Our latest book is titled Divided We Stand: The 2020 Elections and American Politics. The early stages of the 2024 race will soon begin.
Charlie Sykes notes presidential buzz around Illinois Governor Pritzker and California Governor Newsom.
Which brings us to Newsom and Pritzker, who are being mentioned by the Great Premature Mentioners as possible 2024 contenders.
The same thing is happening in the GOP, where there is a good deal of post-Trump wish-casting.
The cool kid betting has Florida’s Ron DeSantis in the pole position. But don’t count on it, because these things always look better in the perfervid imaginings of pundits and consultants.
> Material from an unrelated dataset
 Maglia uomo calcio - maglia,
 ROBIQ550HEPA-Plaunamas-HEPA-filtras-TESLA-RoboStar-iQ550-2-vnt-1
History suggests — actually it shouts at us — that there is many a slip twixt the hype and an actual candidacy.
Just ask President Fred Thompson. Or Rick Perry. Or Gary Hart. Or Jeb (!) Bush, Ed Muskie, Wesley Clark, Scott Walker, or America’s Freaking Mayor.
It’s worth remembering that, at one time, they were not just contenders — they were front-runners. And then stuff happened.
... Newsom is making all sorts of noise and mustering all kinds of attention outside the state, most recently by trolling Florida’s governor with a campaign-style TV spot dumping on Republican Ron DeSantis and some of his retrograde policies on free speech and voting rights.
[BUT] History has shown how tough it is for a governor with full-time responsibilities in Sacramento to run for president and succeed. Republican Pete Wilson and Democrat Jerry Brown both fell short in their pursuit of the White House and learned that the hard way.
Then there’s the matter of the Democrat currently residing in the White House
What if Biden chooses not to seek a second term?
Then the front-runner automatically becomes his vice president — and Newsom’s old frenemy — Kamala Harris.
The two came up together in San Francisco politics and share the same donor and political base. (For a time, they shared the same set of political strategists.) Newsom had indicated to those around him he has no intention of challenging Harris if she were to run in 2024, which is probably wise.
Taking the nomination away from a sitting vice president would also pose a steep challenge.